Outro trunfo do correlacionador criado por Lobato e seus colegas é sua versatilidade. “Lá fora, há equipamentos desenvolvidos em função de certos materiais de tubo e de certos tipos de solo que envolvem o tubo”, diz Miki. “[O equipamento da Unesp] mede as condições reais, em campo. Você nem precisa inserir qual material é, ou qual solo é. É um projeto coringa, nesse sentido.”
Para Miki, o sucesso da colaboração com a Unesp em relação a outras parcerias que a Sabesp já teve tem a ver com a disponibilidade de Lobato e Brennan para ouvir com humildade as experiências dos funcionários da Sabesp. Isso lhes permitiu entender suas necessidades práticas do zero, sem intenção de impor goela abaixo um projeto de pesquisa pré-concebido. “Você até pode desenvolver um trabalho teórico. Mas introduzi-lo em uma empresa de saneamento pode ser difícil porque a realidade tem nuances que os acadêmicos não enxergam”, diz.
Todos os entrevistados pelo Jornal da Unesp relataram um sentimento de frustração pelo fato de terem desenvolvido o projeto e fabricado o protótipo de um equipamento barato, versátil e adequado às necessidades da Sabesp, que, porém, ainda não saiu do papel pela ausência de uma empresa interessada em fabricá-lo.
“O Fabrício nos ajudou muito a garimpar alguém que pudesse fabricá-lo”, conta Cícero Mirabô. “Mas, mesmo na região de Campinas, que é cheia de empresas líderes mundiais em fabricação de hardware, a pergunta era: ‘quantos correlacionadores vamos vender por ano?’ É um produto de nicho, e os caras precisam de volume de produção e de comercialização.”
Correlacionadores à distância são inovação internacional
O sucesso do correlacionador para a Sabesp motivou Lobato a propor um projeto de pesquisa mais ousado em um segundo edital de saneamento da Fapesp.
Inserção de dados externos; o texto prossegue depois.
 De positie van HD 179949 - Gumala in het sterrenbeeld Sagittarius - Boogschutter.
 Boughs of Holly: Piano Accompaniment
A ideia foi aprovada pela agência e o financiamento teve início em 2022. O objetivo é desenvolver, a partir do zero, um produto batizado de Localizador de Vazamento de Superfície, ou LOCVAS. O novo equipamento não exigirá contato físico direto entre o encanamento e o detector, como ocorre com os correlacionadores: em tese, ele será sensível o suficiente para detectar vazamentos pelo resquício de vibração que chega à superfície, propagando-se pelo próprio solo.
É possível aplicar a técnica com apenas dois sensores (microfones) na superfície, ou aumentar o número para seis ou oito. Do mesmo jeito que um celular calcula sua posição no espaço com base no tempo que os sinais de cada satélite de GPS demoram para alcançá-lo, os microfones captam o som do vazamento com diferentes intensidades conforme a distância do buraco no cano, o que permite calcular sua localização exata.
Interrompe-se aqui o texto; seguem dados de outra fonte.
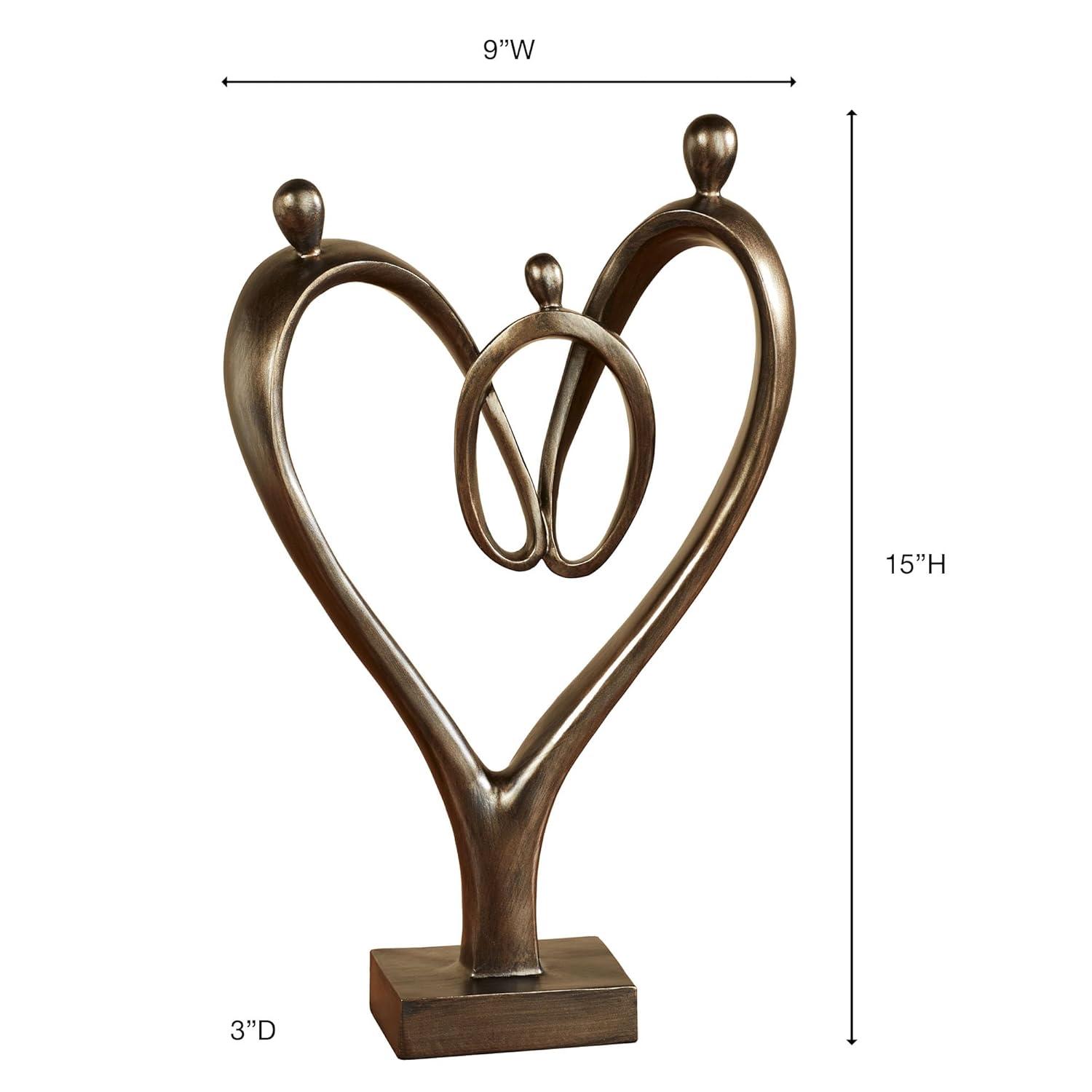 Heartfelt Family Table Sculpture Bronze Bronze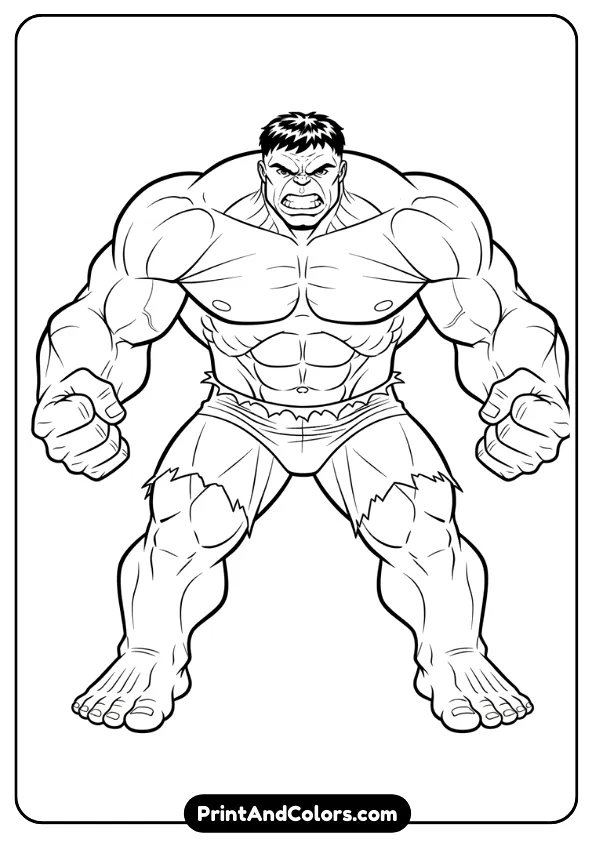 Black and white clean line-art illustration of the Incredible Hulk standing in a powerful pose, muscles highly defined, fists clenched, strong comic-style outlines, no shading, no colors, perfect for kids and adults to color, blank background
Lobato explica que esse método de detecção não invasiva não substitui as técnicas pré-existentes, mas poderá ser um recurso valioso no arsenal das companhias de água e esgoto. “Nossa intenção é começar com a medição direta no tubo [com o correlacionador tradicional]. Essa medição, às vezes, pode apresentar algum erro, ficar um pouco fora. Então, você vai em cima do tubo e faz a varredura com essa nova técnica, diminuindo os falsos positivos.”
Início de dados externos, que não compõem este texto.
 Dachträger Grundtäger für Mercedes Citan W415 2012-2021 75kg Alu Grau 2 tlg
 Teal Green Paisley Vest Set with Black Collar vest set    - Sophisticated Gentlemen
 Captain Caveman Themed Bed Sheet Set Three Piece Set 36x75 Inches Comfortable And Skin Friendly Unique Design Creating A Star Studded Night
No momento, ele e seus colaboradores estão produzindo e publicando artigos científicos sobre minúcias variadas dessa tecnologia. Por exemplo: o artigo mais recente do grupo, publicado em novembro no periódico Applied Acoustics, versa sobre testes realizados com dois sensores em que havia conhecimento prévio sobre a direção do cano enterrado. A ideia é apresentar um protótipo conceitual do projeto LOCVAS ainda em 2026. As patentes do novo dispositivo estão em processo de submissão ao Instituto Nacional da Propriedade Intelectual (INPI).